Structural Motif Search

Biochemical and biological functions of proteins are the product of both the overall fold of the polypeptide chain, and, typically, structural motifs made up of smaller numbers of amino acids constituting a catalytic center or a binding site that may be remote from one another in amino acid sequence. Detection of such structural motifs can provide valuable insights into the function(s) of previously uncharacterized proteins.

Technically, this remains an extremely challenging problem because of the size of the Protein Data Bank (PDB) archive. We have developed a new approach that uses an inverted index strategy capable of analyzing >200,000 PDB structures with unmatched speed. The efficiency of our inverted index method depends critically on identifying the small number of structures containing the query motif and ignoring most of the structures that are irrelevant. Our approach enables real-time retrieval and superposition of structural motifs, either extracted from a reference structure or uploaded by the user.

See it in Action

Structural motif searching is available as part of the RCSB Advanced Search and RCSB Mol* plugin. Help documentation is available.

Performance

Current benchmark times to search in 208,702 PDB structures and 1,068,577 AlphaFold/RoseTTAFold predictions as of 8/16/23, obtained on an instance with 6 cores and 64 GB memory. All structure data is held in memory, inverted index data is read from an SSD.

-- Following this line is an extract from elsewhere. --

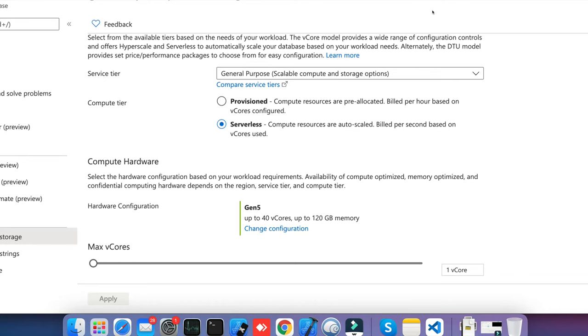When you are going to create a database in Azure, you should keep in mind the compute options. Compute comes in two versions: provision and serverless. You should understand what provision is going to give and what serverless is going to give so you can choose between these two and optimize your cost. Two tiers are there: one is provision and one is serverless.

Allowing only Experimental/Archived Structures

Motif	Definition	Found Assemblies	'Paths' Time [ms]	'Score' Time [ms]	Total Time [ms]
Serine Protease	4cha - His:B-42, Asp:B-87, Ser:C-47	5,309	618	22	673
Aminopeptidase	1lap - Lys:A-250, Asp:A-255, Asp:A-273, Asp:A-332, Glu:A-334	91	158	1	181
Zinc Fingers	1g2f - Cys:F-7 His:F-25 His:F-29	739	135	3	160
Enolase Superfamily	2mnr - Lys:A-162, Asp:A-193, Glu:A-219, Glu:A-245, His:A-295	192	253	2	275
Enolase Superfamily (exchanges)	2mnr - Lys/His:A-162, Asp:A-193, Glu:A-219, Glu/Asp/Asn:A-245, His/Lys:A-295	210	2,996	14	3,032
RNA G-Quadruplex	3ibk - G:A-4, G:A-10, G:B-4, G:B-10	85	2,364	236	2,622

Including Computed Structure Models

Motif	Definition	Found Assemblies	'Paths' Time [ms]	'Score' Time [ms]	Total Time [ms]
Serine Protease	4cha - His:B-42, Asp:B-87, Ser:C-47	10,254	1,710	125	1,988
Aminopeptidase	1lap - Lys:A-250, Asp:A-255, Asp:A-273, Asp:A-332, Glu:A-334	647	352	7	389
Zinc Fingers	1g2f - Cys:F-7 His:F-25 His:F-29	9,442	492	92	686
Enolase Superfamily	2mnr - Lys:A-162, Asp:A-193, Glu:A-219, Glu:A-245, His:A-295	328	659	5	689
Enolase Superfamily (exchanges)	2mnr - Lys/His:A-162, Asp:A-193, Glu:A-219, Glu/Asp/Asn:A-245, His/Lys:A-295	350	5,246	25	5,296
RNA G-Quadruplex	3ibk - G:A-4, G:A-10, G:B-4, G:B-10	85	2,453	253	2,742

Search for all assemblies that contain hits with an RMSD <2 Å. 'Paths' refers to the time spent on inverted index operations, which identify all candidate structures that contain the motif. 'Score' refers to the time spent on aligning candidate structures to the query and computing RMSD values.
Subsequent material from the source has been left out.